Ella Maloney, also a lead preschool teacher at BOPN, previously worked as an early educator in Ohio and said she does feel supported by Massachusetts. Nevertheless, salary is an issue.
“The cost of living here is outrageous, but this is also the most money I've made in my career, but the cost of living plan like that kind of evens out a little bit,” Maloney said.
The average annual cost of living in Massachusetts is $53,860, making it the second most expensive state in the U.S., according to a recent Forbes Advisor report.
Secretary of Labor and Workforce Development Lauren Jones said dealing with the low salary of early educators is a priority for the task force.
“Wage quality was certainly shared among individuals that we heard from throughout the listening sessions,” she said. “And [is] something that is top of mind for the task force and the work that we know is critical as we look to build and support again, that affordable, accessible, quality system.”
Jones said the Commonwealth Cares for Children grants are an example of the “early steps” the Healey administration took to stabilize the industry.
“[It] has been beneficial for providers to offer some subsidies they get through the C3 grants to support bonuses and other resources that help to offset wages,” she said.
The C3 grants became permanent in the state’s 2025 fiscal year budget. Massachusetts is the only state in the country to retain this program at the same level the federal government funded it through pandemic-era childcare stabilization grants.
Kershaw said EEC saw an increase in salaries and compensation through the C3 grants.
“Salaries are still too low, and we have additional work to do to really make this a career pathway that our talent can choose and stay in,” she said. “But we've made significant progress.”
The median wage for early care educators falls below 97% of all other occupations in the U.S., according to CSCCE.
Kershaw said her office is working to address the workforce issue by increasing the pipeline through apprenticeship programs, making higher education opportunities available through scholarships and creating a credentialing and career pathway.
Binal Patel, chief program officer at Neighborhood Villages, said addressing low wages and supporting apprenticeships programs are needed to improve the workforce.
“I'm not going to pretend like apprenticeships will solve the workforce crisis,” she said. “Because what we have is not a workforce crisis, but a wage crisis … if we really want to solve it, we're going to have to be talking about wages and salaries too.”
Apprenticeship programs and trainings
The Healey administration announced in May it would invest $3 million to support the early education and workforce pipeline.

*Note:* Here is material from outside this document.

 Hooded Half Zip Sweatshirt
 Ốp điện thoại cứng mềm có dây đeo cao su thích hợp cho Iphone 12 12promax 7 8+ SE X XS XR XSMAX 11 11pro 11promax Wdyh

Apprenticeship programs provide educators with hands-on training that allows them to gain practical experience in teaching and caring for children while earning a wage. The program connects apprentices with employers, according to the press release.

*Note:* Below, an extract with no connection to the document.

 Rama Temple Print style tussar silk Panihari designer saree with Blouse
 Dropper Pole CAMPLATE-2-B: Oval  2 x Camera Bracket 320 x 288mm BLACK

Jones said the task force is focused on using registered apprenticeship programs to advance the workforce and build the pipeline for early educators.
A sample of childcare centers in Massachusetts reported that 39% of providers experienced a turnover rate of 20% or more, which is the level that the federal government considers “high turnover,” according to a 2024 Boston Foundation report.
Of this sample, 37% respondents who left early education cited low wages as the reason for their leaving. Meanwhile, 20% cited opportunities for growth and 18% reported long hours as their reasons, according to the TBF report.
Healey’s administration announced in September an additional $1.4 million investment in four registered apprenticeship programs to grow the early childhood education workforce.
Community Group in Lawrence, Family Services in Central Massachusetts, United Way of Massachusetts Bay and the SEIU Education and Support Fund were all part of the pilot partnerships.